Alive Again

At rare times when fear, furiousness, and frustration ebb as the dominant emotions that I associate with episodic altered consciousness, curiosity rises to fill the void. Moments of clarity bring not only a rush of sensation and cognitive potential, but also a stream of questions concerning my identity and what my precarious situation implies about it. Clearly, at this moment, ‘I’ refers to me, the one who can read a chapter of a book and remember it for longer than three seconds. Surely, it refers to the man who can taste his food, and smell it toו. And it refers to the guy who can play a modest amount of music, has respectable mathematical abilities, and craves independence.

So who the hell is the guy that has been dating my girlfriend for the last seven months, and the better part of the last two years? Obviously, he was I. But he clearly was not all that I entails. And he did not have access to all of my abilities, or all of my memories. And he lived in his parent's house and watched infuriating amounts of television, which you would never catch me doing. The question at hand is that of the relationship between the whole and its parts. In this case, the subject is a fractured consciousness.

According to my neurologist, the right half of my brain, typically my dominant hemisphere, took a beating, along with my working memory, while the left hemisphere continued to function on a very high level. As concerns the memory, it strikes me as intuitive that a person could remain the same person in most ways that seem important despite varying levels of working memory. However, the difference between functioning strongly in both hemispheres and functioning strongly in only one fundamentally alters the way one can think. Granted, any change you make to one’s brain chemistry, on any level can be considered to produce a different person. But at what point is the change substantial enough that it is reasonable to conceive of the changed individual as a completely distinct person, a unique soul, not the conscious being we originally associated with its body?

At the all too rare times, when I begin a spontaneous and rapid recovery – although I sincerely hope that this time is permanent and, consequently, the last – my first thought, while lying in bed, overwhelmed by my newly discovered powers of cognition, typically, is “Where the $%^& have I been?” The relationship of this “I” to the “I” that only weeks ago screamed “What the $%^& did I do to deserve this?” is incomprehensible, even to the “I” composing this composition.

I would like to ignore these issues of identity and simply shut up and live. But my newly restive mind will not allow me to put these questions to sleep. What right do I, at present, have to provide an account of the experiences from which I, in my present state, only weeks removed from complete incoherence, feel distant? To what extent can I simply resume my life, the one created by someone with far greater cognitive powers than I, and maintained for the last two years by a pitiable schlub?
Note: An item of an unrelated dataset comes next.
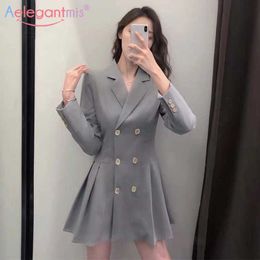 Aelegantmis Elegant Gray Blazer Dresses Women Button Vintage Mini Feminino Long Sleeve Slim Dress Vestidos Spring Autumn 210607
We all grow, fade, and in many other ways change. But usually this change is continuous and slow enough as to be unnoticeable in the short run. Eventually this change catches up with people in the long run in the form of midlife crises and crises of faith. Sudden moments manifest a change that has long brewed under the surface in the way that earthquakes release tension built over years. But only rarely do neurological events result in unpredictable seismic shifts of both personality and ability. And even less rarely are such events reversible or cyclical. However, for the time being, this is my reality.

Usually the illusion of a stable identity is maintained by the slowness with which any neurological changes take place. In my case, for the time being, any such illusion is out of reach. While the philosophical consequences of my current identity crisis are complicated, the practical implication is straightforward. I wake up each morning, take a minute to find out who I am, and plan my day accordingly. As for my right to take ownership of a past for which only half of me is accountable, I seem to have little choice in the matter. It is the only past I have and however foreign it seems to me, it is more connected to me than to anyone else.